Royal Dutch Shell said it was targeting aggressive growth in the coming years, with the startup of big new projects and higher investments in exploration set to drive a 50 percent rise in cashflow and a 25 percent rise in oil and gas production.

The bullish outlook came as Europe's largest oil company by market capitalization unveiled weaker-than-forecast fourth quarter profits, after dismal industry-wide refining margins sent the crude processing division into a loss.

The company also announced a weaker rise in its dividend than some analysts expected, adding just 1 cent to its first quarter dividend for 2012, to $0.43 per share.
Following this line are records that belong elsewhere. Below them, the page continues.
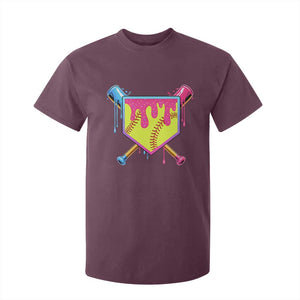 Softball Drip T Shirt For Kid Ice Cream Drip Youth Girls Softball Sport TS10 Maroon Print Your Wear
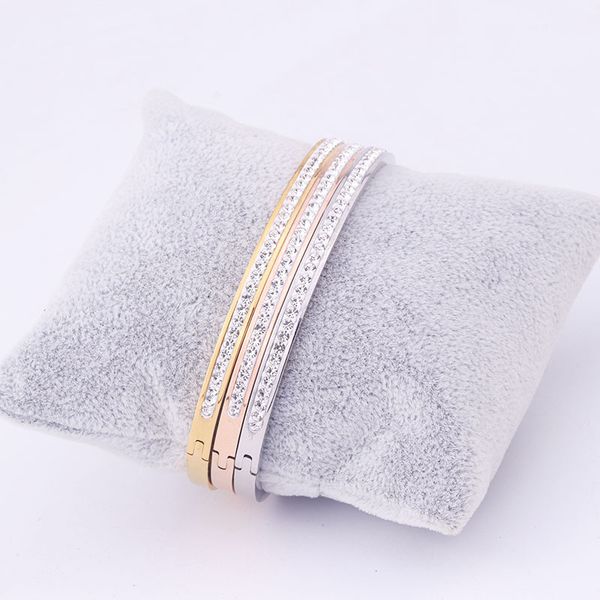 

sale 3 colors fashion jewelry titanium steel charm bracelet crystals from swarovskis for women wedding jewelry, Black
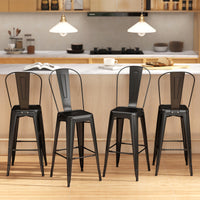 24" Set of 4 Bar Stools Kitchen Industrial Breakfast Bistro Cafe Metal Frame Black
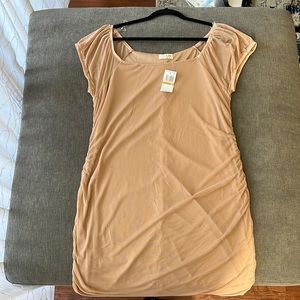 Trendy Plus size side Ruched mesh dress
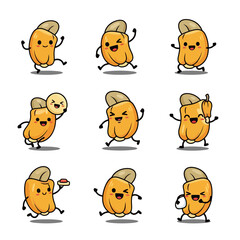 Cashew nut cartoon characters in action set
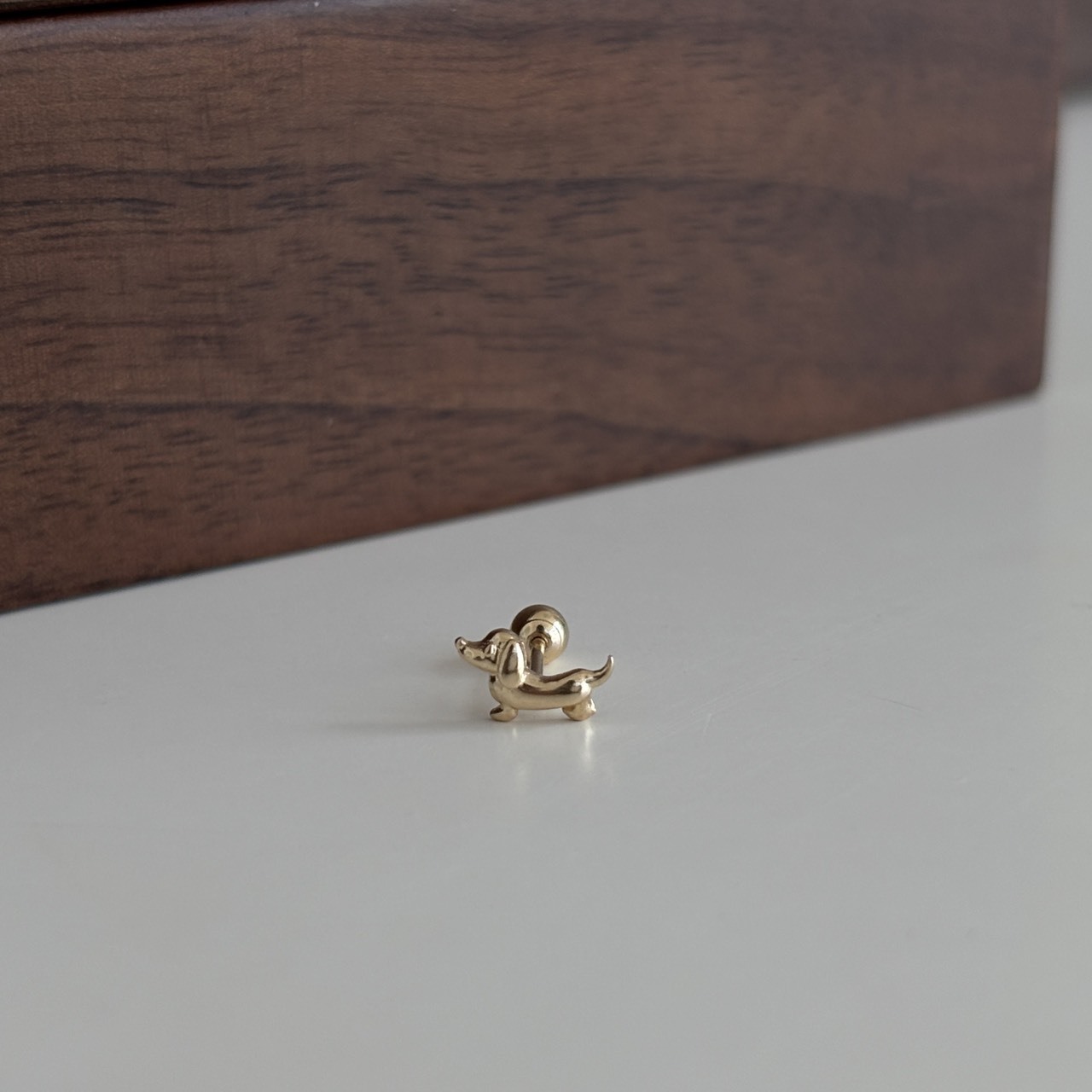 【韓國連線】14K 臘腸狗轉珠耳環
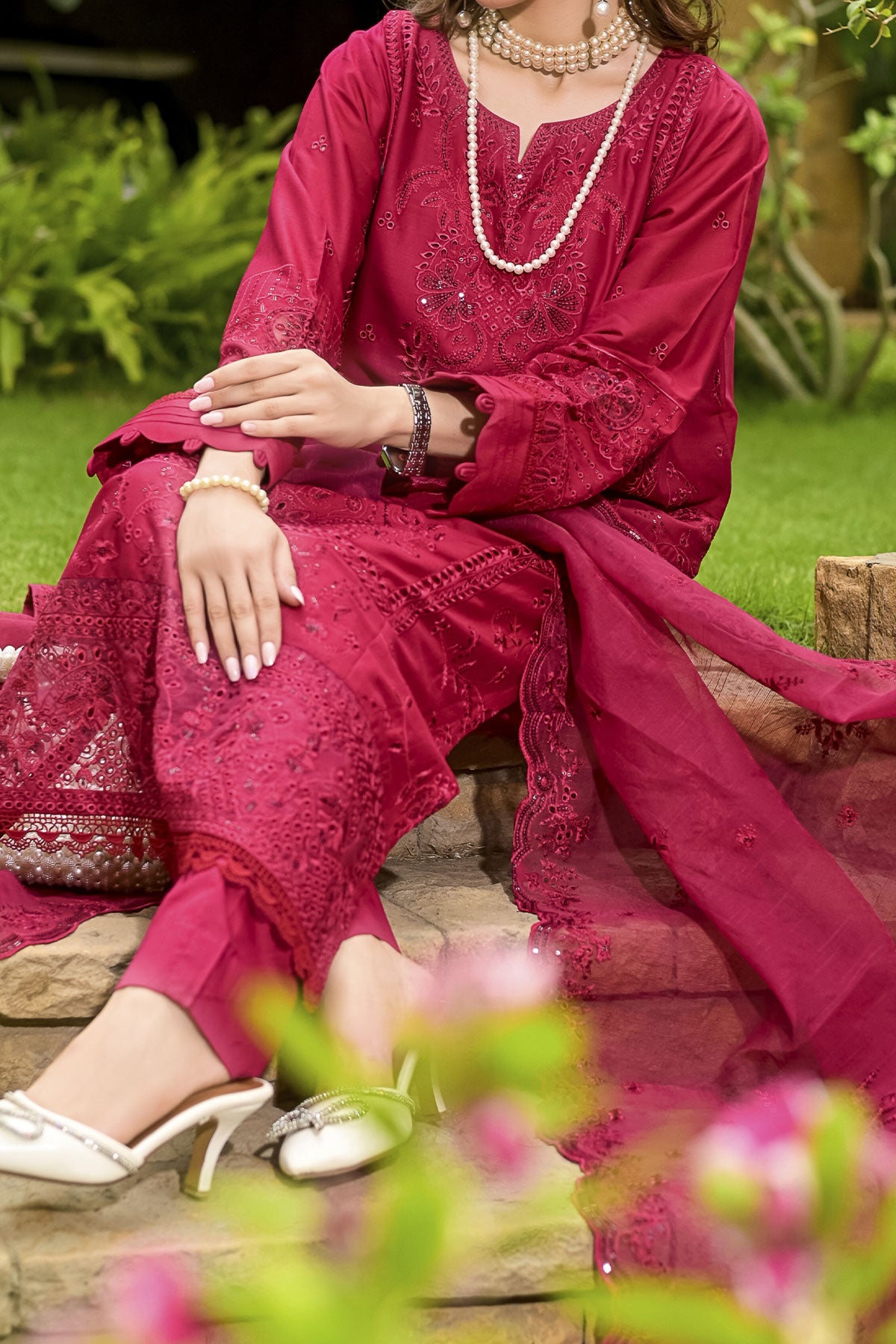 3 PIECE DIGTAL PRINT LAWN | CTN-450 PINK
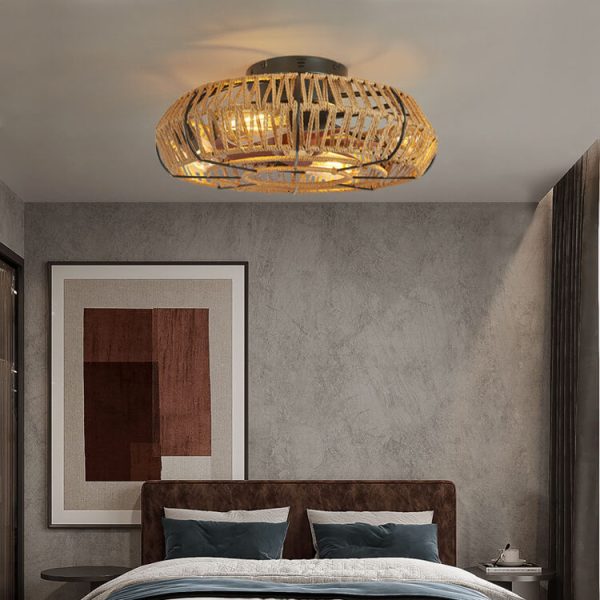 Traditional Rustic Round Drum Iron Hemp Rope 4-Light Semi-Flush Mount Ceiling Fan Light For Bedroom - Image 3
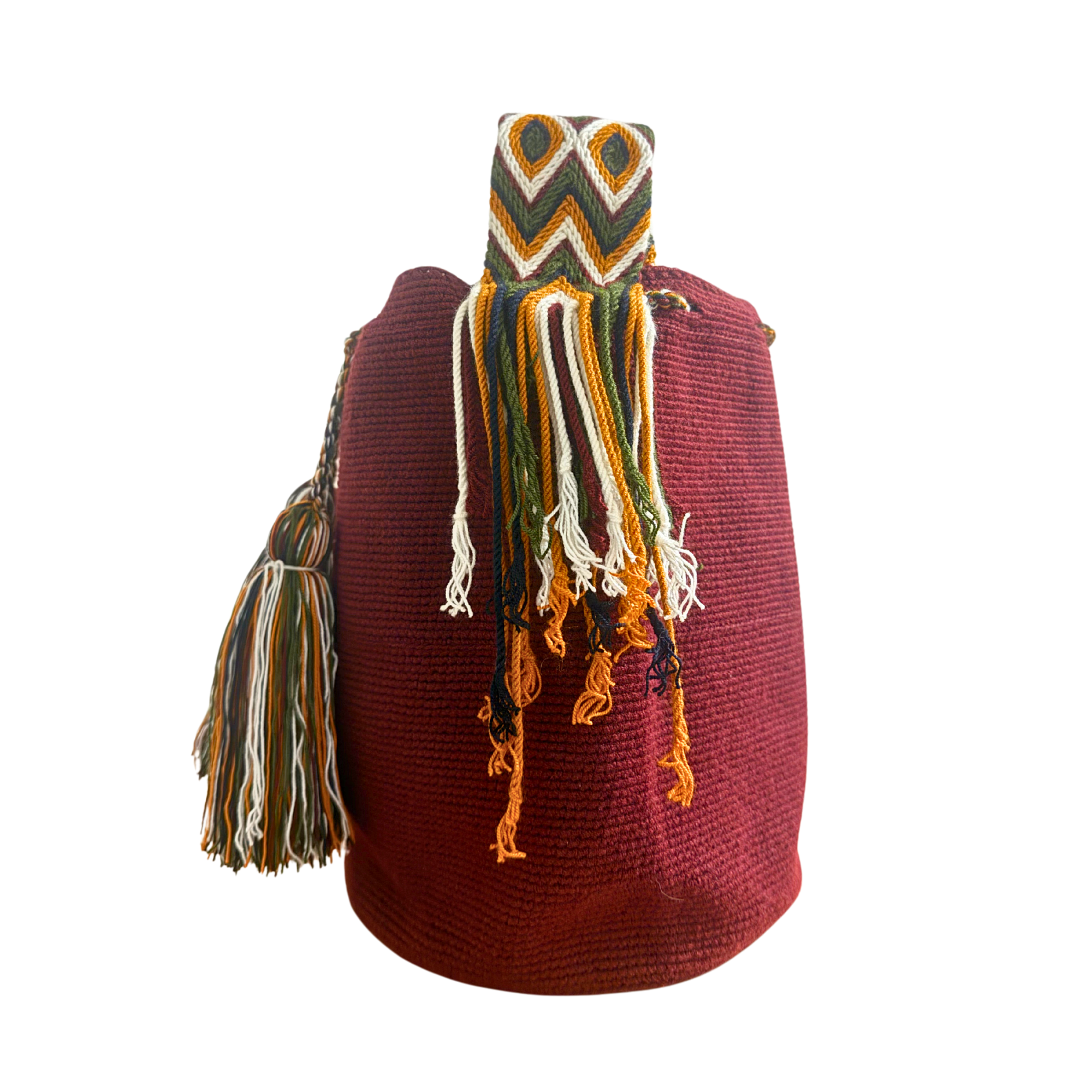 Large Unicolor Wayuu Mochila Bag | Burgundy Wide White Rhombus Strap | Handmade in Colombia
Hague-based Shell said it was eyeing a return to strong production growth in the coming years, after nearly a decade. Apart from a 5 percent rise in 2010, the group's production has fallen every year since 2002.

Oil & gas production should average some 4 million boe/d (barrels of oil equivalent per day) in 2017-18, the company said in a statement.

Production averaged 3.215 million boe/d in 2011, a 3 percent drop on 2010.

However, a big rise in crude prices outweighed this drop, and weak refining profits. Net profits for 2011 were $24.69 billion, up 37 percent on the year.

The company said its fourth quarter current cost of supply (CCS) net income was $6.46 billion, helped by one-off gains from the sale of assets.

Excluding one-offs, the result rose 18 percent to $4.85 billion, shy of an average forecast of $5.17 billion from a Reuters poll of nine analysts.

Brent crude prices averaged $109 per barrel last quarter, up from $88 a year before.

CCS earnings strip out unrealized gains or losses related to changes in the value of inventories, and as such are comparable with net income under U.S. accounting rules.